# [DIRECTIONS FOR THIS TASK]
A precise copy of the data is required, with every picture left out.

# [ENTRIES PROVIDED]
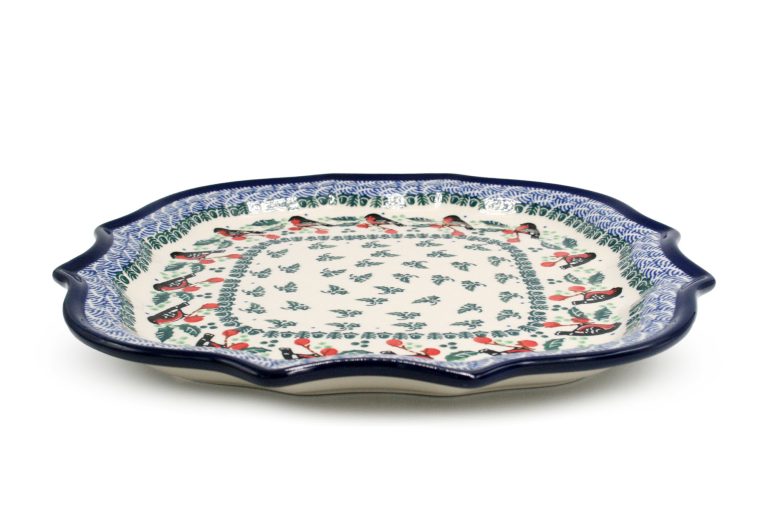 Large platter Small Giles, Ceramika Boleslawiec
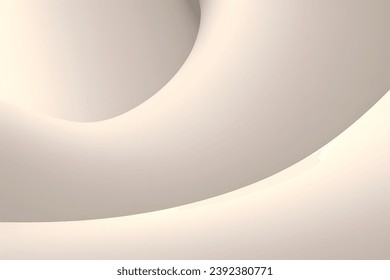 Light White Background, Abstract geometric background with liquid shapes. Vector illustration.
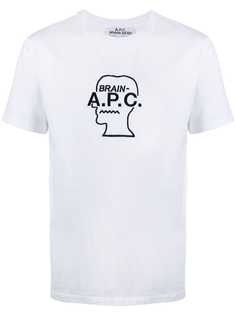 A.P.C. x Brain Dead T-shirt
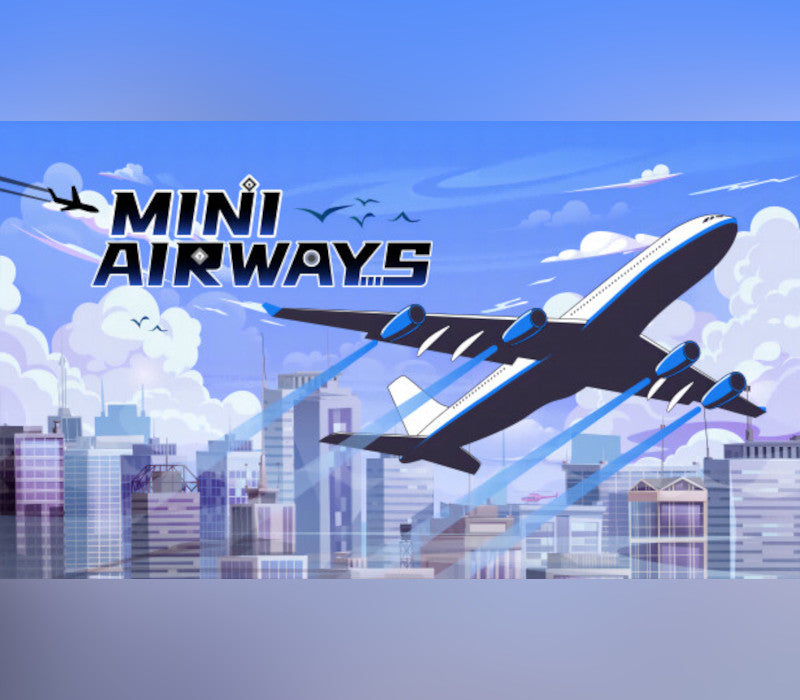 Mini Airways PC Steam CD Key  REGION FREE Erabit - [Email/Instant Delivery]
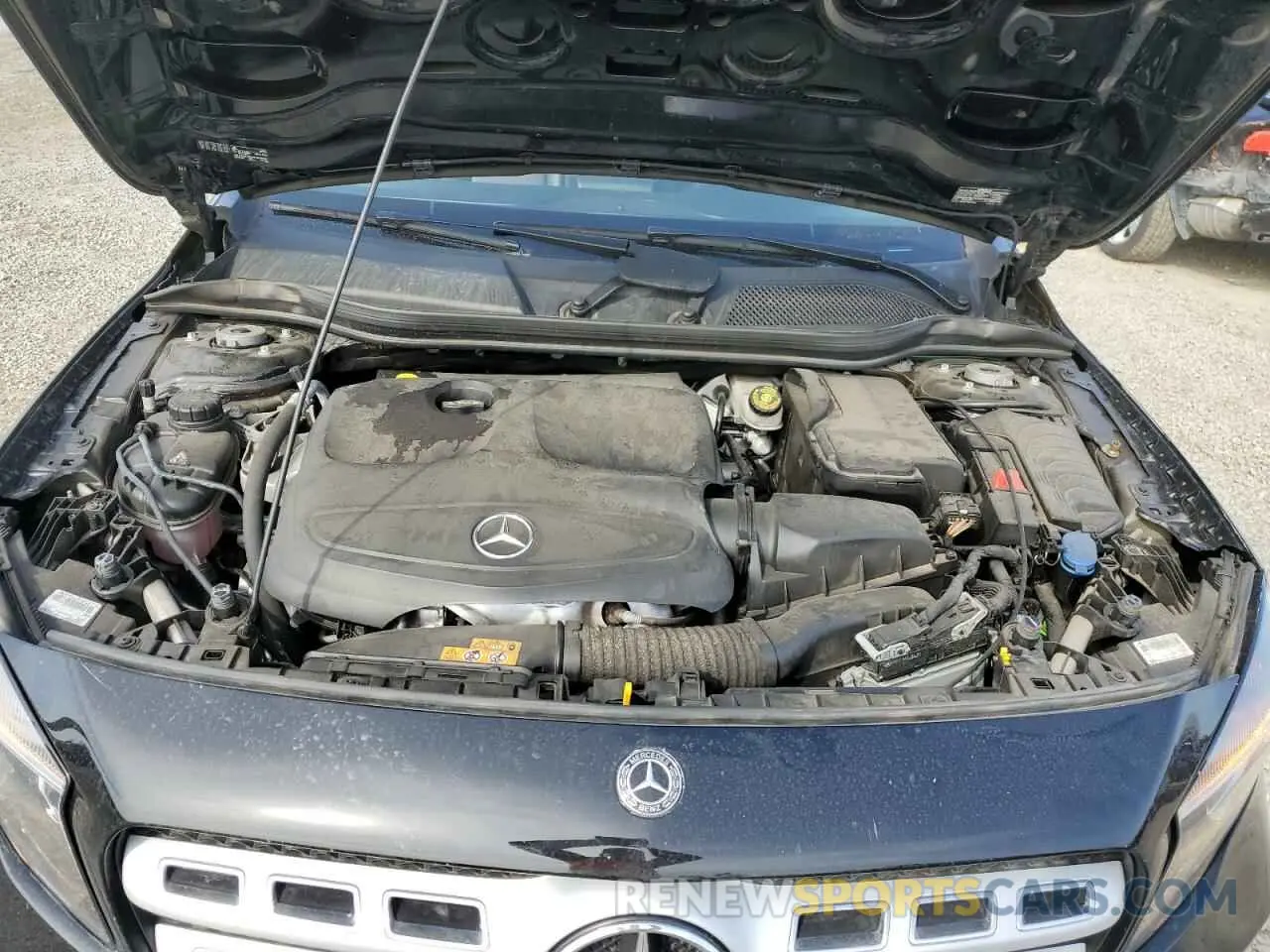 12 fotografías del automóvil dañado WDCTG4EB7KU014056 MERCEDES-BENZ GLA-CLASS 2019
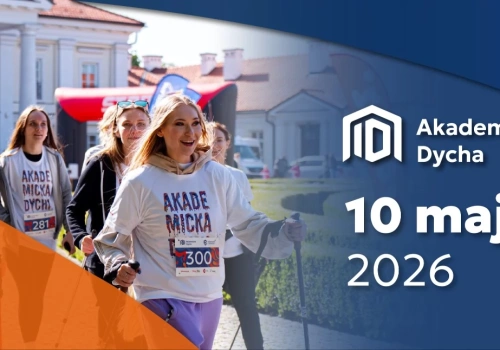 Akademicka Dycha 2026 nadchodzi. Biegacze spotkają się w maju w Siedlcach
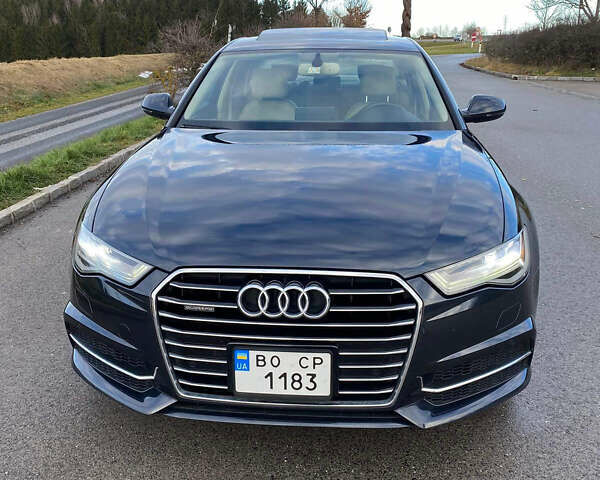 Синий Ауди А6, объемом двигателя 2 л и пробегом 86 тыс. км за 23800 $, фото 1 на Automoto.ua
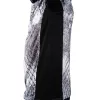 Black Cat Sun Jersey Koszulka z długim rękawem z kapturem XL
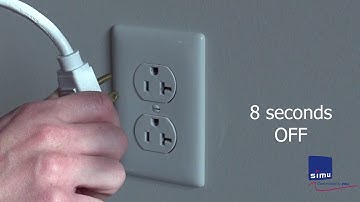 SIMU Radio Motors - How to do a Factory Reset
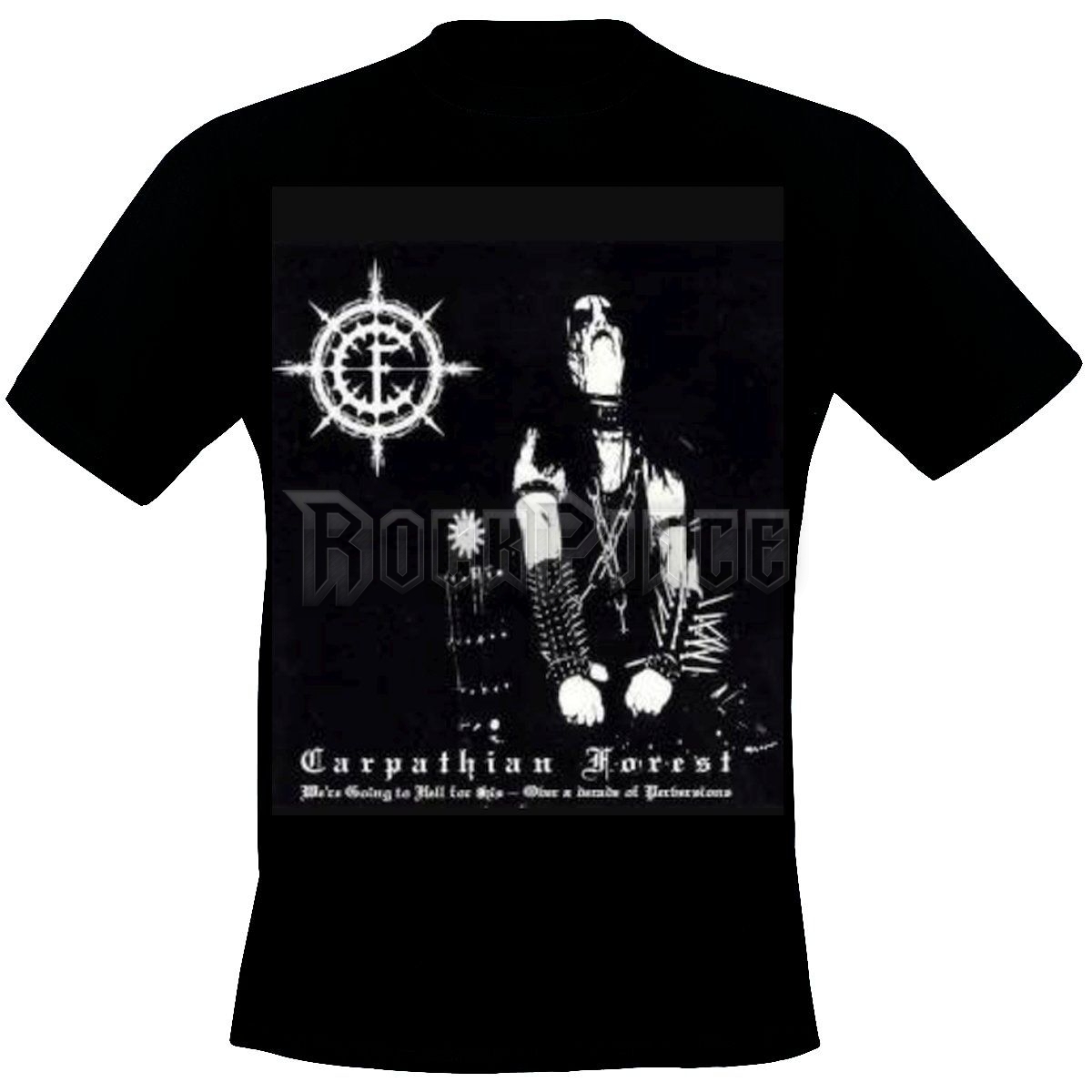 Carpathian Forest - We're Going To Hollywood - 684 - UNISEX PÓLÓ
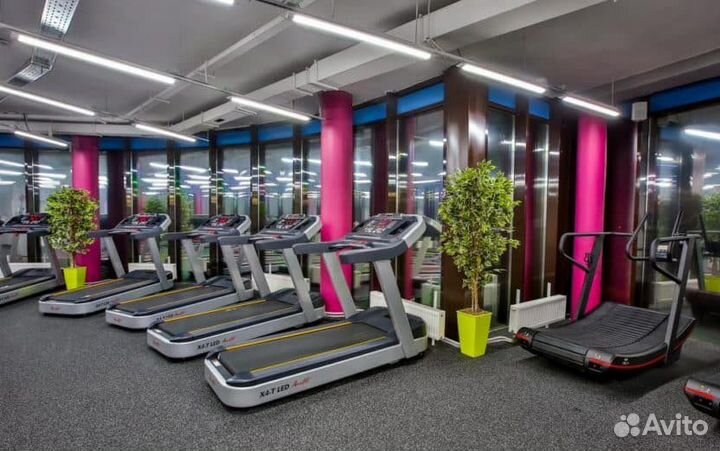 Абонемент в фитнес клуб СССР Царицыно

# [RESPONSE BELOW]
 Large platter Small Giles, Ceramika Boleslawiec
 Light White Background, Abstract geometric background with liquid shapes. Vector illustration.
 A.P.C. x Brain Dead T-shirt
 Mini Airways PC Steam CD Key  REGION FREE Erabit - [Email/Instant Delivery]
 12 fotografías del automóvil dañado WDCTG4EB7KU014056 MERCEDES-BENZ GLA-CLASS 2019
 Akademicka Dycha 2026 nadchodzi. Biegacze spotkają się w maju w Siedlcach
 Синий Ауди А6, объемом двигателя 2 л и пробегом 86 тыс. км за 23800 $, фото 1 на Automoto.ua
 Black Cat Sun Jersey Koszulka z długim rękawem z kapturem XL
 SIMU Radio Motors - How to do a Factory Reset
 Carpathian Forest - We're Going To Hollywood - 684 - UNISEX PÓLÓ
 Абонемент в фитнес клуб СССР Царицыно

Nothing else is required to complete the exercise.